Work instruction: Every line of the material below, from the top through the line with "Jornada para la", should be reproduced exactly.

[[ Data supplied, beginning ]]

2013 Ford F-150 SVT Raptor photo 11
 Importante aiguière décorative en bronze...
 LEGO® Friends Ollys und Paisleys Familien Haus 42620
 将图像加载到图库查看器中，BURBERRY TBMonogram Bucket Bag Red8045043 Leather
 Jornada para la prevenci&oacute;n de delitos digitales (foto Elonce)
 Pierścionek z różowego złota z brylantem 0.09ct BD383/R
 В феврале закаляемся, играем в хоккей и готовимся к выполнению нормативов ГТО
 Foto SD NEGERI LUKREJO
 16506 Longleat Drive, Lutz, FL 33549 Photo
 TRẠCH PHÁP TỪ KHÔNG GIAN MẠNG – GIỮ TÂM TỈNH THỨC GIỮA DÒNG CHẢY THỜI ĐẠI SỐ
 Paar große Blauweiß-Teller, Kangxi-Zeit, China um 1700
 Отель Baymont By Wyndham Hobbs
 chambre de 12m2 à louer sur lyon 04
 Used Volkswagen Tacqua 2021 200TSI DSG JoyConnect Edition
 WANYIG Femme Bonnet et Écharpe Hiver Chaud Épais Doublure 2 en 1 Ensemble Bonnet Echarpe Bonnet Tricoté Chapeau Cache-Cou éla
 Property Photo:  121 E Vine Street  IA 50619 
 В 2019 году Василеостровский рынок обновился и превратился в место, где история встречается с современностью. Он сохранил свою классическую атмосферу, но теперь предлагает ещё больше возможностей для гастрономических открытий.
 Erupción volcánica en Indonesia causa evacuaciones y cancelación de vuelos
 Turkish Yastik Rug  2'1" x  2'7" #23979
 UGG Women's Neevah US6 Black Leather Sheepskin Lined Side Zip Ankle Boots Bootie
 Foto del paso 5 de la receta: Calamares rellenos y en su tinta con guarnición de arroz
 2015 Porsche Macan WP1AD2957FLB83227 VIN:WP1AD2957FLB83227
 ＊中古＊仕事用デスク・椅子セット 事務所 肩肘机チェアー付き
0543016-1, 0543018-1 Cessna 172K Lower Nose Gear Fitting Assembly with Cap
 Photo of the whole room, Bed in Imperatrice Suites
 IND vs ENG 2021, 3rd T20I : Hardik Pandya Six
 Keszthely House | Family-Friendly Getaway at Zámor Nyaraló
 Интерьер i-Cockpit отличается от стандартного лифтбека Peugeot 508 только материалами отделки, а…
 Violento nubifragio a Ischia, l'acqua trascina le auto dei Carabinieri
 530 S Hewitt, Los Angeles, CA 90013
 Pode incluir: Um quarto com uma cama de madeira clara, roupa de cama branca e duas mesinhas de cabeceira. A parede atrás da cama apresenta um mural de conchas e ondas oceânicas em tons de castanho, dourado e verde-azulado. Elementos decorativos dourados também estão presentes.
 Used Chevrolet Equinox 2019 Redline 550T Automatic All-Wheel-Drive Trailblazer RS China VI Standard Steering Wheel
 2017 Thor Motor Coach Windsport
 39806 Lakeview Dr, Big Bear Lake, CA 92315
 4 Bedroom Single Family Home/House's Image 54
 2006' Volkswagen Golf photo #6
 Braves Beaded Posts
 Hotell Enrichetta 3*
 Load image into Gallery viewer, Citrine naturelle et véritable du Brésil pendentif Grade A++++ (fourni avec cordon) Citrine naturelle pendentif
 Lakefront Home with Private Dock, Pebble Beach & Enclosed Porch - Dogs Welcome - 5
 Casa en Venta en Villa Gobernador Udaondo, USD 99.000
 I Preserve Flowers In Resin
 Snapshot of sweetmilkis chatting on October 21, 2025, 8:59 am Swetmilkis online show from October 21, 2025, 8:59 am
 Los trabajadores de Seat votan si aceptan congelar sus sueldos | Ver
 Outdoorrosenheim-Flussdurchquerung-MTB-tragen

[[ Data supplied, end ]]

Response:
2013 Ford F-150 SVT Raptor photo 11
 Importante aiguière décorative en bronze...
 LEGO® Friends Ollys und Paisleys Familien Haus 42620
 将图像加载到图库查看器中，BURBERRY TBMonogram Bucket Bag Red8045043 Leather
 Jornada para la prevenci&oacute;n de delitos digitales (foto Elonce)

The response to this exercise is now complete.